Author- Jeff M. Smith

The Sino-Sri Lankan relationship was fundamentally transformed by the 2005 election of President Mahinda Rajapaksa. Unlike many South Asian capitals India had shielded from Chinese influence, Colombo established cordial, if limited, diplomatic ties with Beijing by the late 20th century, even importing arms from China in the 1990s.

Rajapaksa entered office two decades into a brutal conflict with the Liberation Tigers of Tamil Elam (LTTE), a hyper-violent separatist movement claiming to defend the interests of Sri Lanka’s Tamil minority. Colombo and the LTTE reached a ceasefire in 2002 but the violence continued and Sri Lanka’s foreign minister was assassinated shortly before Rajapaksa’s inauguration.
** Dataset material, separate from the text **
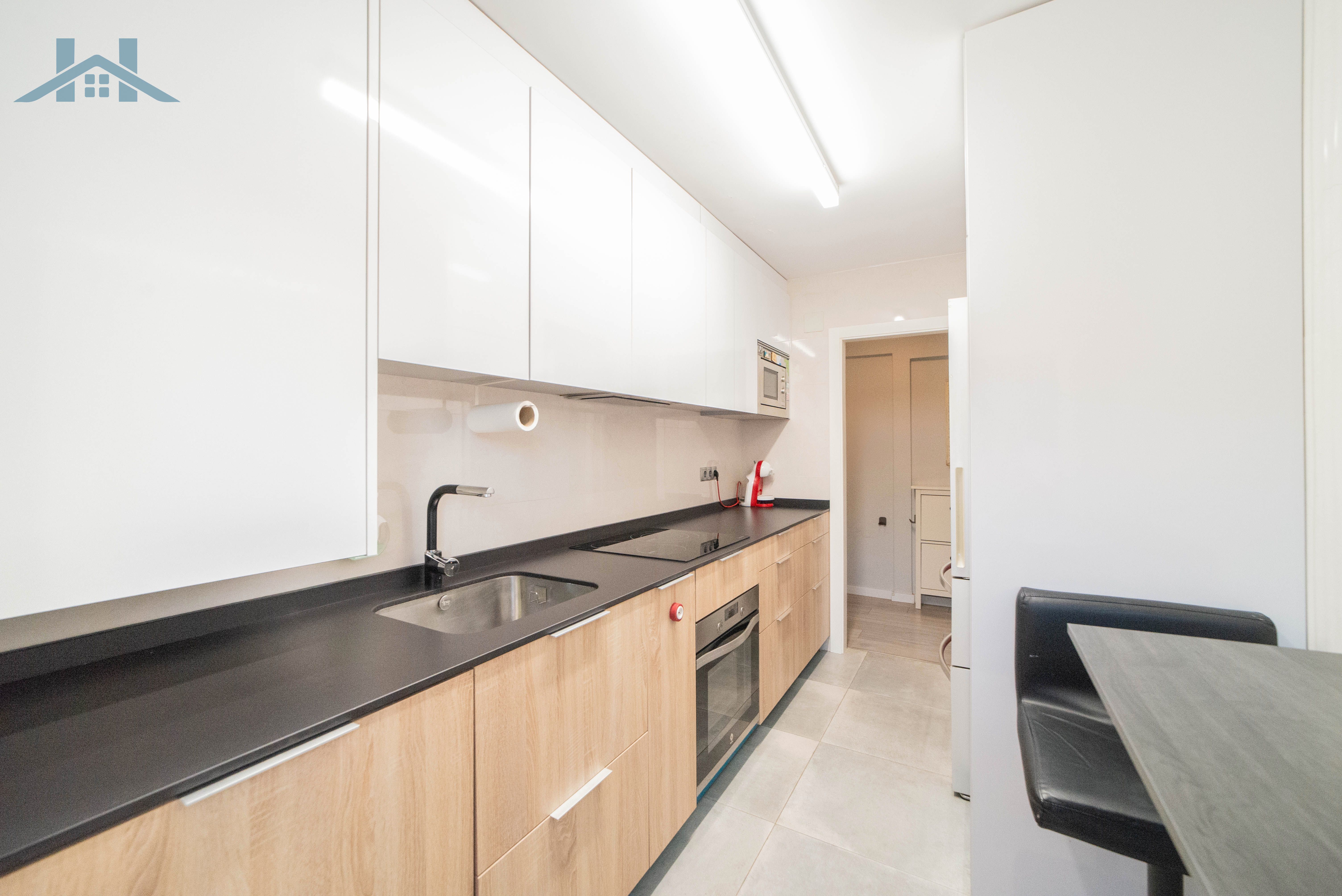 Cuina de Pis en venda en Sevilla la Nueva amb Aire condicionat, Calefacció i Terrassa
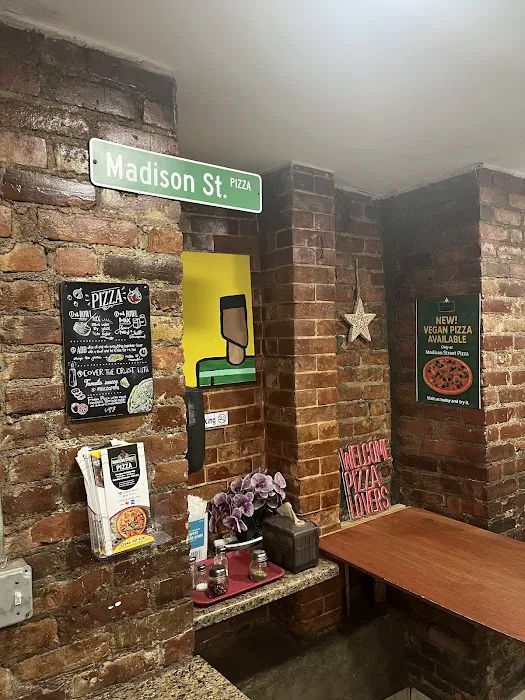 Madison Street Pizza Picture 9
Within weeks of taking office the president privately appealed to Delhi for military aid to underpin a major offensive he was planning to crush the LTTE.

In 2006 Delhi quietly gifted Rajapaksa five Mi-17 helicopters and aided efforts to target LTTE personnel, supplies, and floating arsenals at sea. However, with a politically influential Tamil minority of its own, Delhi balked at requests for more robust military support. Nor could Rajapaksa turn to the United States. Concerned about human rights violations in the LTTE conflict, Washington had “drastically reduced its foreign assistance package for Sri Lanka.”

China gladly filled the void in the defense realm. In 2007, Rajapaksa secured a $37 million deal for Chinese ammunition and ordinance. In 2008, China “gifted” Colombo six F7 jet fighters, and provided anti-aircraft guns and JY-11 radar. The ceasefire with the Tigers collapsed that year and in 2009 Rajapaksa launched a scorched-earth offensive that eliminated the LTTE, though not before claiming up to 20,000 civilians in the process. ( To read the entire article, click here)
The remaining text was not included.